Sun Jan 29 13:06:23 CST 2006

Terry wrote:
> On 1/29/06, Stuart Yarus <syarus at kvsystems.org> wrote:
> 
>>If you really want to use tee, try:
>>
>>    cat file | tee location1 | tee location2 | tee location3
>>
>>This method uses the original file just once.  The method certainly
>>isn't recommended for many or for large files, due to the use and
>>duplication of stdout (standard output).
>>
>>Your backup method should depend on the nature of the backup.
>>
>>Stuart Yarus
>>
> 
> 
> And what about?:
> 
> cp file location1 ; cp file location2 ; cp file location 3
> 
> same end result, right?
> (Or maybe I'm missing something here?)

There is a HUGE amount of difference between:

    cat file1 > file2
    cp  file1 > file2

When you use 'cp', it preserves things like the file permissions.

Try this, start with a junk file - let's call it 't1'

   % chmod a-w t1
   % cat t1 > t2
   % cp  t1   t3
   % ls -l
   total 12
   -r--r--r--  1 steve users 25 2006-01-29 12:54 t1
   -rw-rw-rw-  1 steve users 25 2006-01-29 12:55 t2
   -r--r--r--  1 steve users 25 2006-01-29 12:55 t3

...see what I mean?

When you are doing a backup, you REALLY want the permissions to match

Furthermore, when you do this:

   cp file location1 ; cp file location2 ; cp file location 3

...you are reading the "file" three times.  When you do this:

   cat file | tee location1 | tee location2 > location3

...you are only reading 'file' once.

In olden days of UNIX, I'd be telling you that only reading 'file' once
would be faster because hard disks are slower than main memory and
'pipes' are dealt with in hardware.

However, this is the 21st century and computers have a TON of RAM and
our shiney new Linux operating system uses it.  So when you read "file"
for the first time, Linux leaves a copy of it in whatever unused RAM
there is in your computer.  The second time you read from "file", it
cleverly notices that there is a copy in memory and DOESN'T RE-READ THE
DISK DRIVE.

So in practice, I very much doubt there is any measurable performance
difference between using a pipeline versus simply copying the file
a bunch of times.  In both case, the data is in RAM during the copying.

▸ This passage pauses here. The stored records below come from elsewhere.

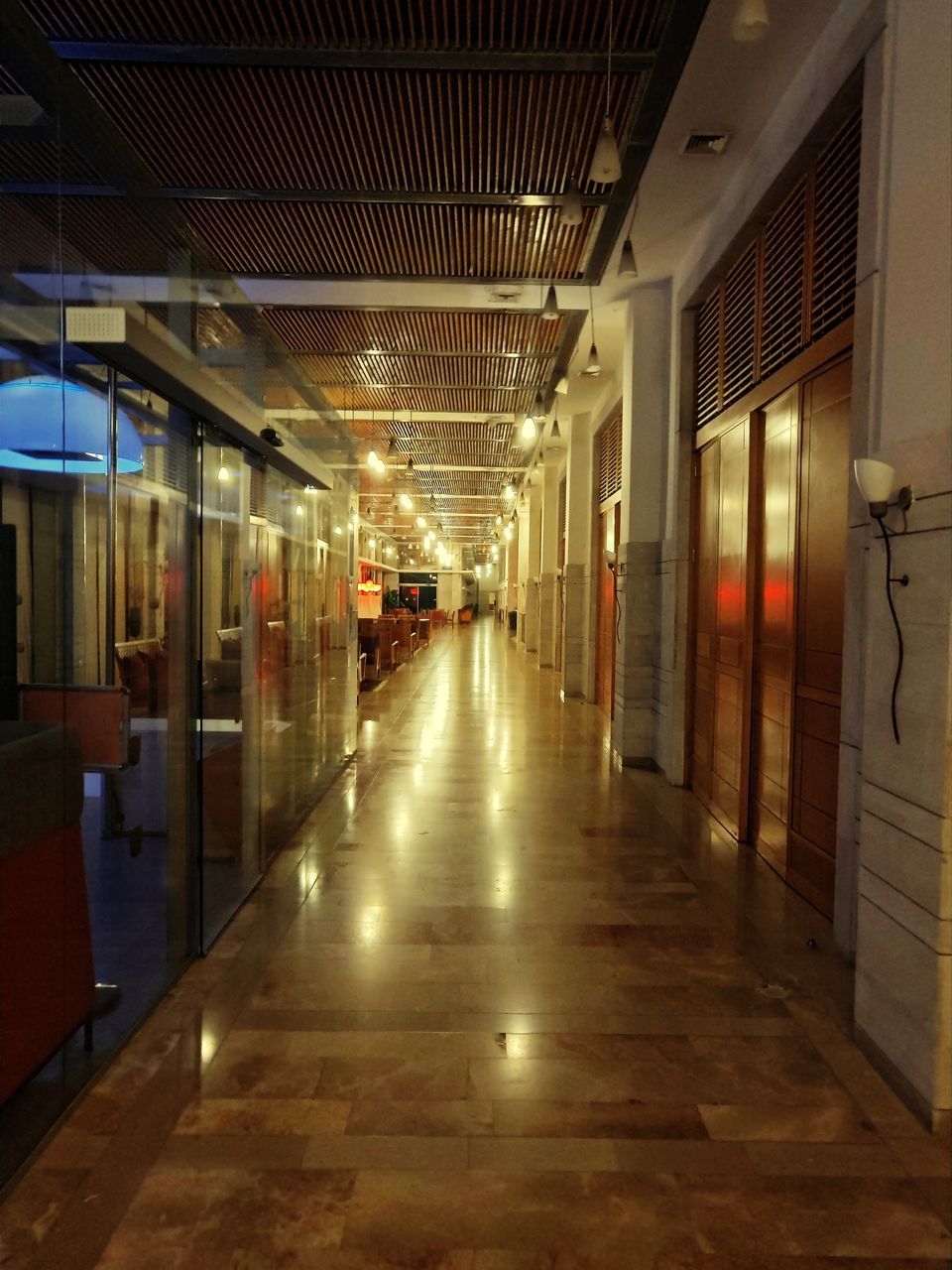 EMPTY CORRIDOR ALONG ILLUMINATED BUILDING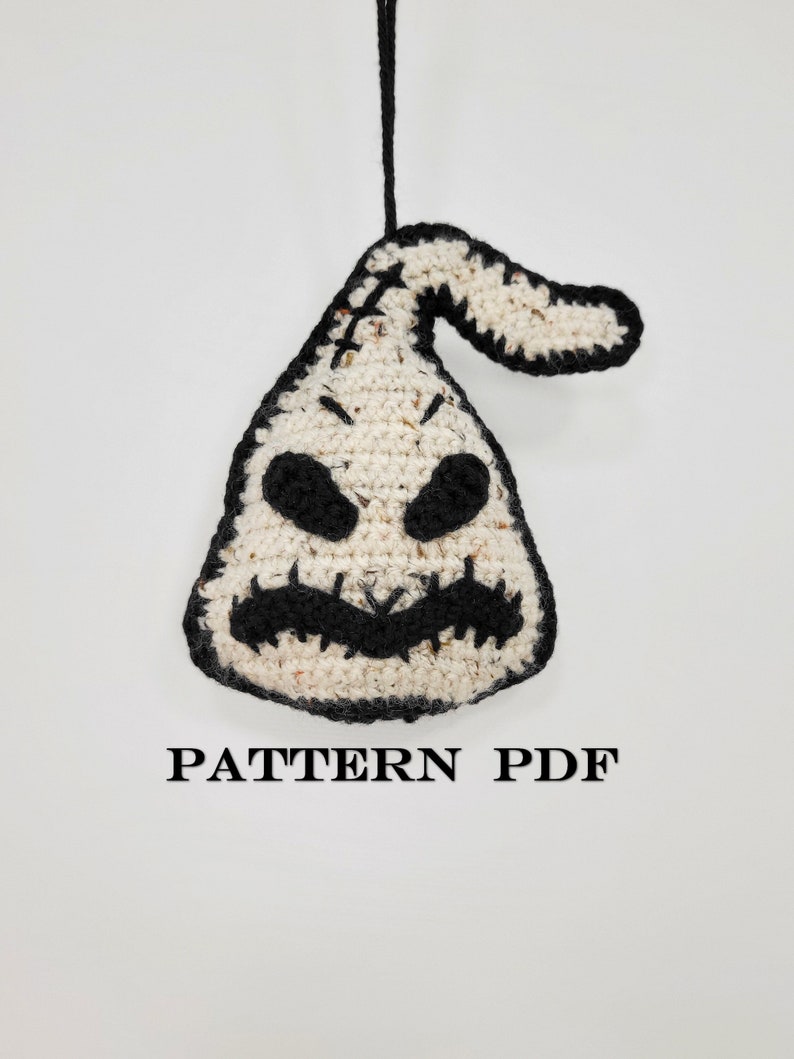 May include: Crochet pattern for a white and black ghost ornament with a stitched-on mouth and eyes. The pattern is available as a PDF download. The text "PATTERN PDF" is printed below the ornament.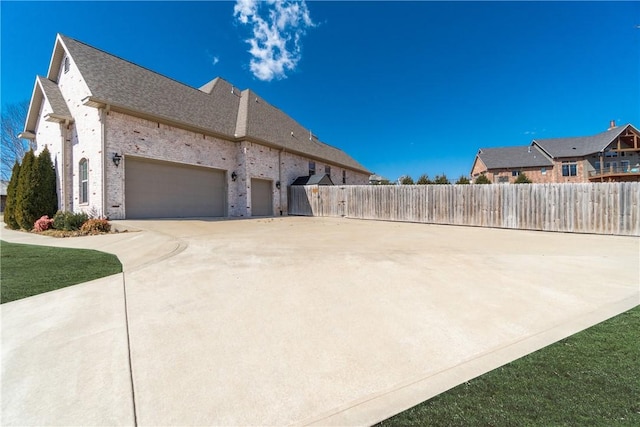 view of side of property with fence, driveway, a shingled roof, a garage, and brick siding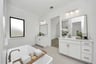 primary bathroom with separate vanities
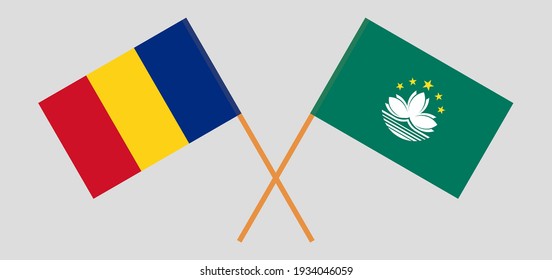 Crossed flags of Romania and Macau. Official colors. Correct proportion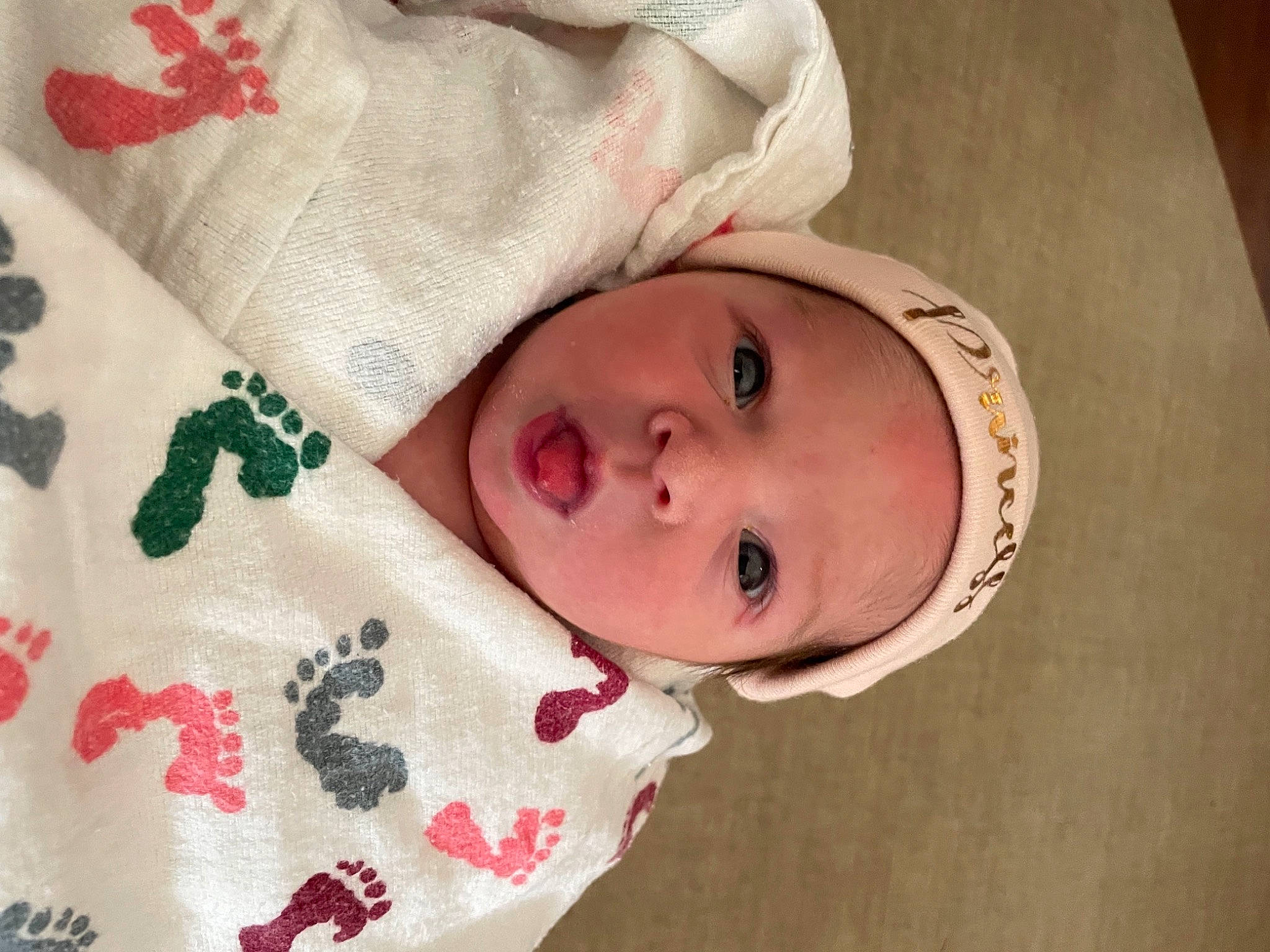 Lilyanna is registered to the contest to win money with this photo: baby, baby_toddler_clothing, cheek, comfort, creative_arts, eye, eyebrow, eyelash, head, headwear, human_body, iris, linens, lip, nose, person, red, skin, sleeve, textile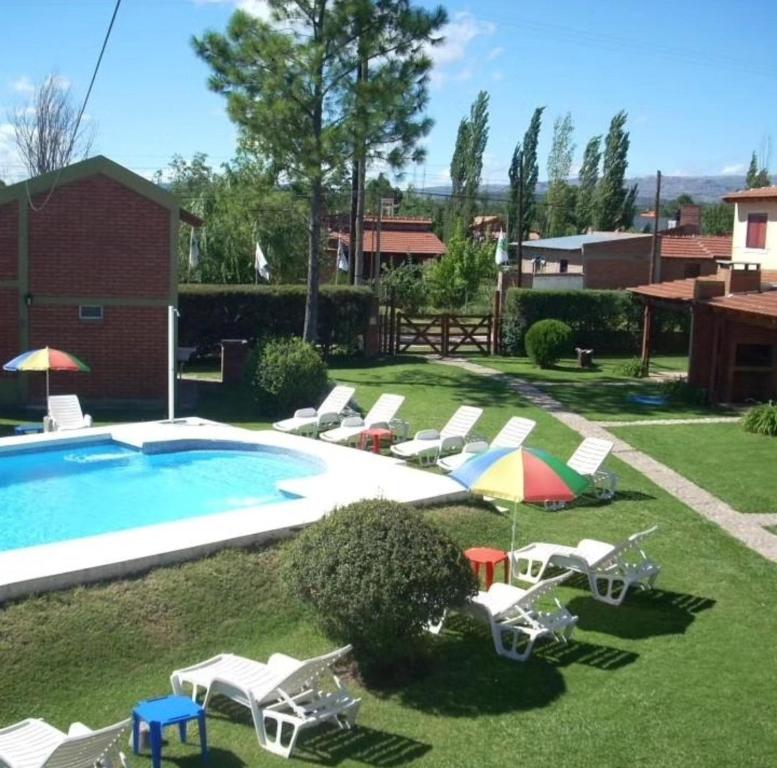 a pool with chairs and umbrellas in a yard at Complejo Cantonavi in Mina Clavero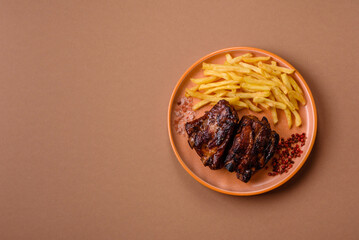 Grilled or barbecued pork ribs with sauce. Grilled ribs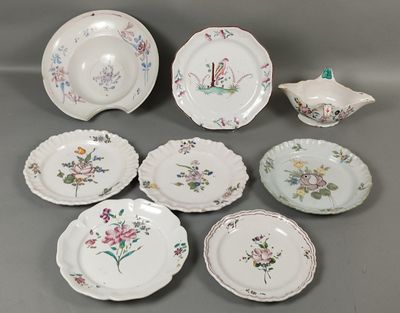 a group of plates and bowls with flowers on them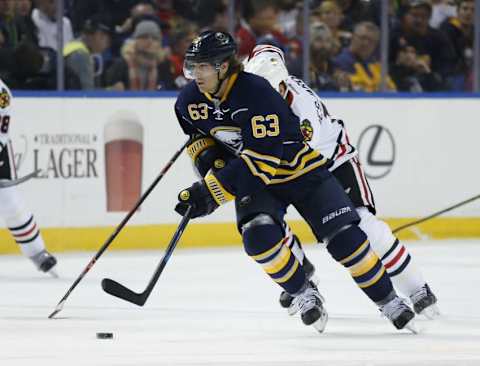 Dec 19, 2015; Buffalo, NY, USA; Buffalo Sabres left wing Tyler Ennis (63) brings the puck up ice during the second period against the Chicago Blackhawks at First Niagara Center. Mandatory Credit: Kevin Hoffman-USA TODAY Sports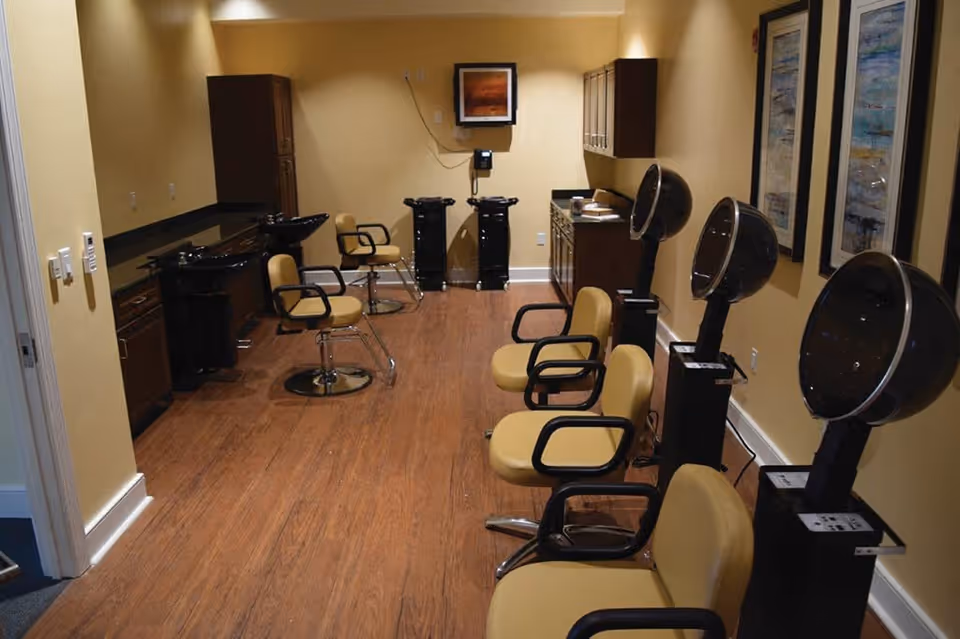 Interior view of a salon area with multiple yellow salon chairs and black hair drying stations along the right wall. On the left side, there are black sinks and additional chairs for hair washing. The room has wooden flooring, beige walls, and framed artwork on the right wall.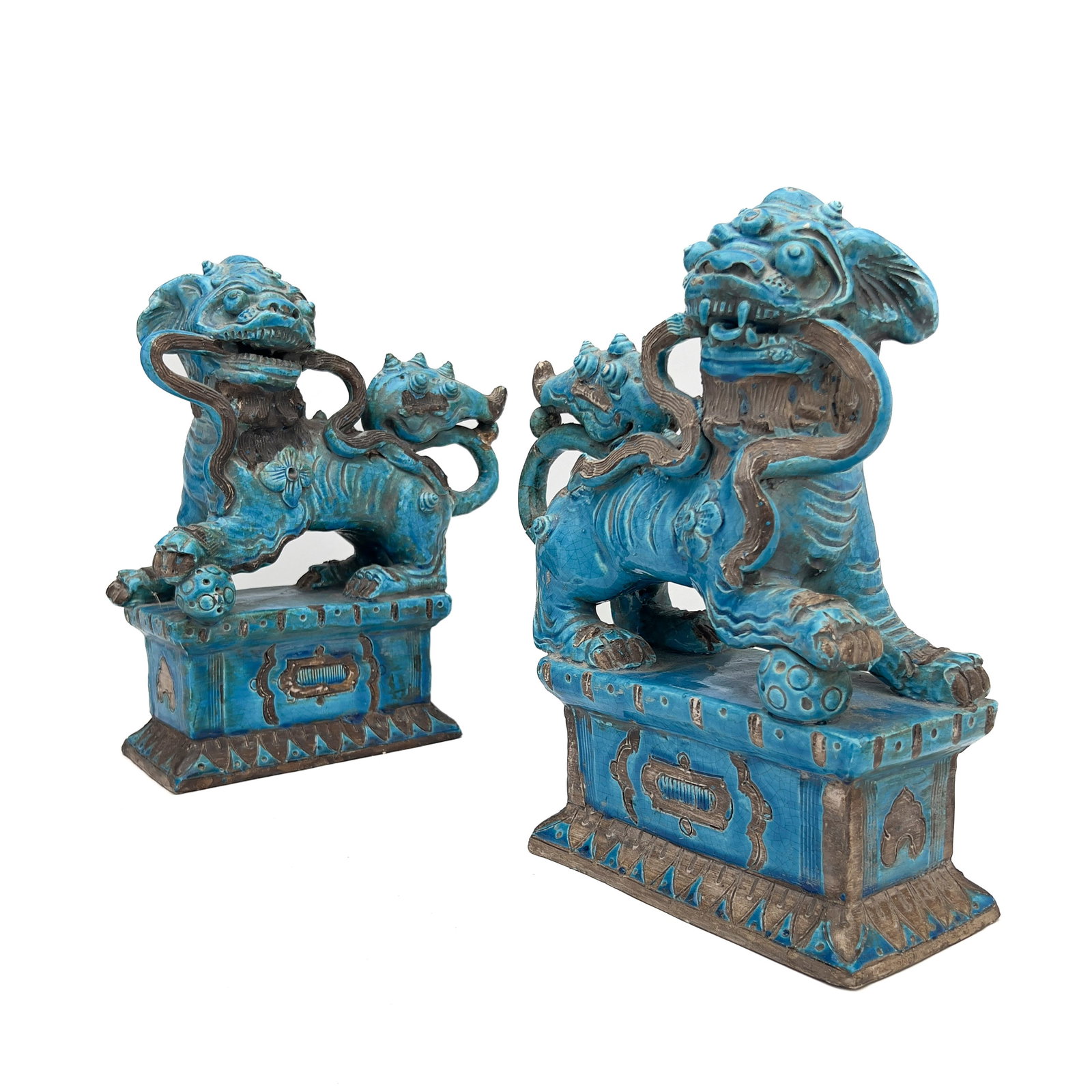 A Pair of Chinese Glazed Turquoise Ceramic Guardian Lions: Lot 41 A Pair of Chinese Glazed Turquoise Ceramic Guardian Lions (Late Qing Dynasty / Republic Period) Ceramic, turquoise glaze 12 1/2 x 10 1/2 x 4 1/4 inches Description: A pair of Chinese export tur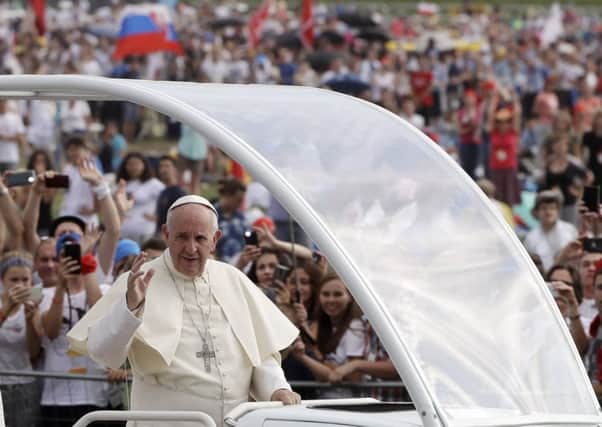 Pope Francis waves to crowds on a recent visit to Krakow. Picture: AP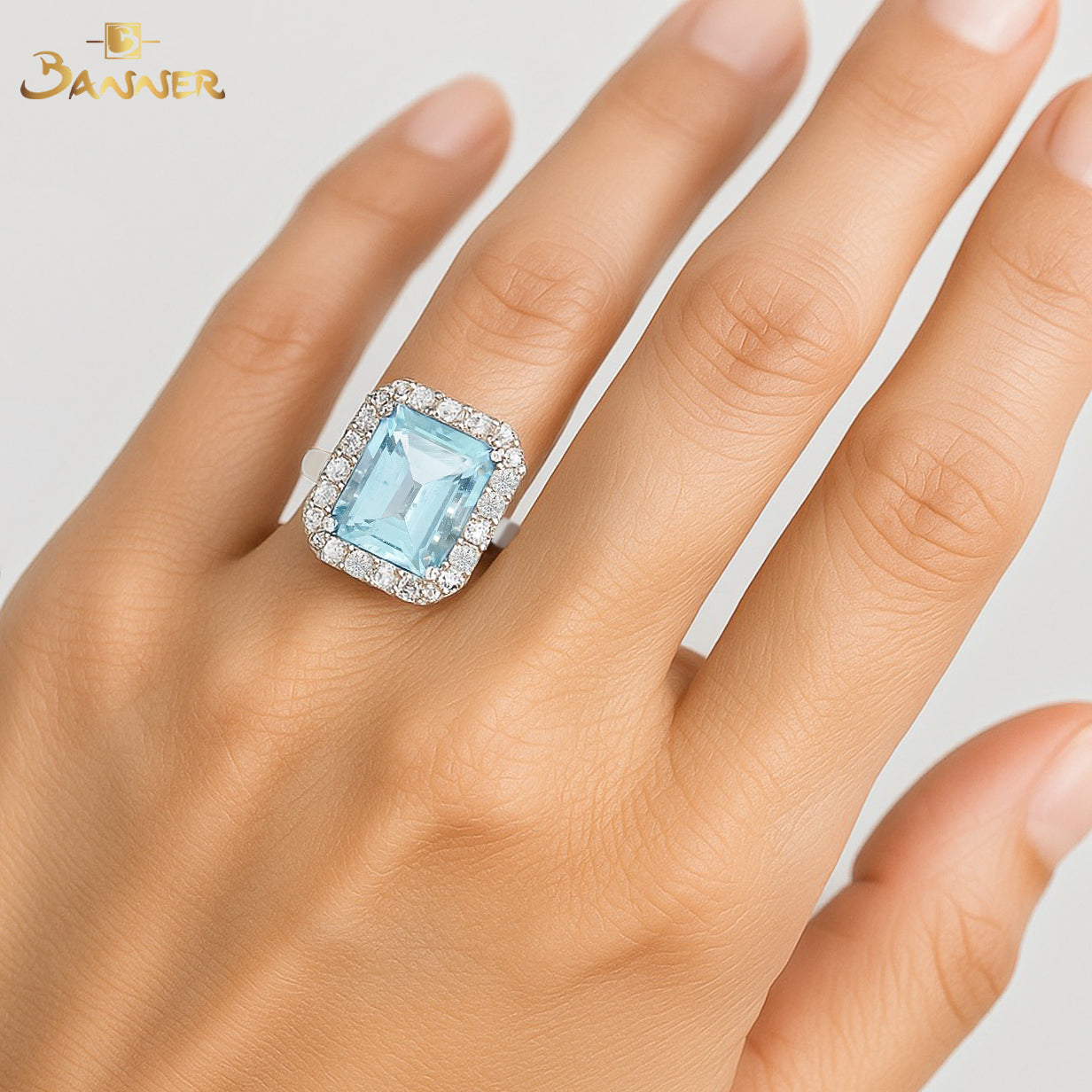 Aquamarine and Diamond Halo Ring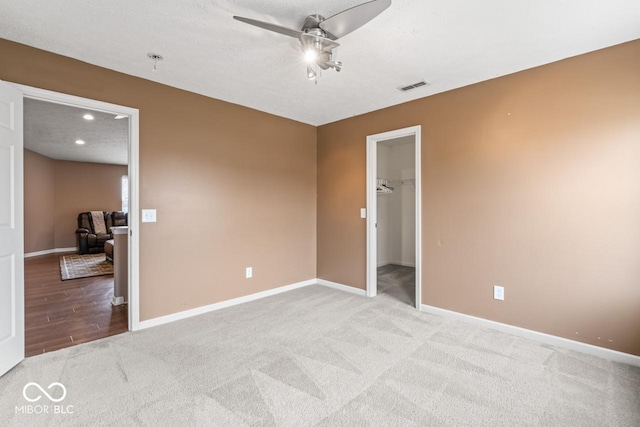 5817 Thompson Park Blvd, Indianapolis, IN 46237 - unfurnished bedroom with visible vents, baseboards, ceiling fan, carpet, and a walk in closet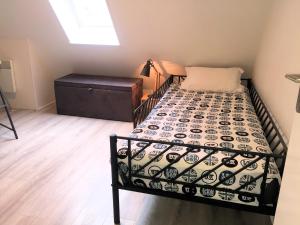 a bedroom with a bed and a dresser at Cottage T3 à 5 minutes à pied de la plage in Le Pouliguen +3 photos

The only time you might see a difference would be if your computer had
very little free memory during the copying.  Linux can only cache copies
of files in RAM if there is free memory...if not, it'll just have to
re-read the slow old disk drive every time...but that's VERY unlikely.

So, IMHO, if you are doing backups it'll make very little difference
whether you copy the file a couple of times or whether you pipe it
through 'tee'.

Knowing what Linux does with file caching, there is one very important
strategy.  Back up one file to two places, then move onto the next
file.  Don't back up all of your files to one place - then all of them
to the other place.  By the time you start the second copy of the first
file, all the other files you read will have filled up free memory and
kicked the cache of the first file out of RAM.